Desagregação do tecido social
“Quando vemos espalhar-se nas mídias, como ocorre sempre, uma lista das maiores fortunas comparadas ao que possui o resto da humanidade, a coisa não provoca nenhuma reação de ira. Ninguém mais espera um levante dos ‘condenados da terra’ – e seria, aliás, medonho se eles se rebelassem um dia e fizessem tábula rasa do passado, como nos versos da Internacional. Uma revolta assim só poderia terminar num gigantesco banho de sangue e numa orgia de destruição. Não é, com certeza, o que desejam aqueles que cultivam ainda um ideal de progresso, de liberdade, de decência, ou mesmo de igualdade. Se as disparidades de nossos dias são tão preocupantes, não é porque elas arriscam produzir rebeliões planetárias. É porque o desaparecimento da bússola moral que representa o princípio de igualdade contribui, em cada um de nossos países, e para a humanidade inteira, à desagregação do tecido social.”
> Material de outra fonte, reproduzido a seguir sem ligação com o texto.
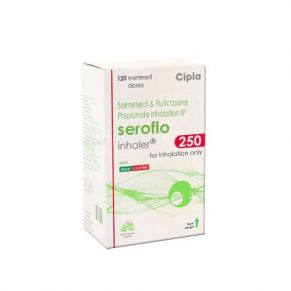 Seroflo 250 Inhaler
Neste livro abrangente e poderoso, Maalouf atua como espectador e escritor comprometido, às vezes recontando eventos importantes dos quais foi uma das raras testemunhas oculares, destacando-se então como historiador acima da própria experiência. Por mais de meio século, o autor observou o mundo, viajando pelos seus quatro cantos. Estava em Saigon no final da Guerra do Vietnã, em Teerã durante o advento da República Islâmica do Irã, viajou com o entourage que repatriou o aiatolá Khomeini após seu exílio e estava em Nova York quando as Torres Gêmeas vieram abaixo – evento após o qual o mundo não seria o mesmo.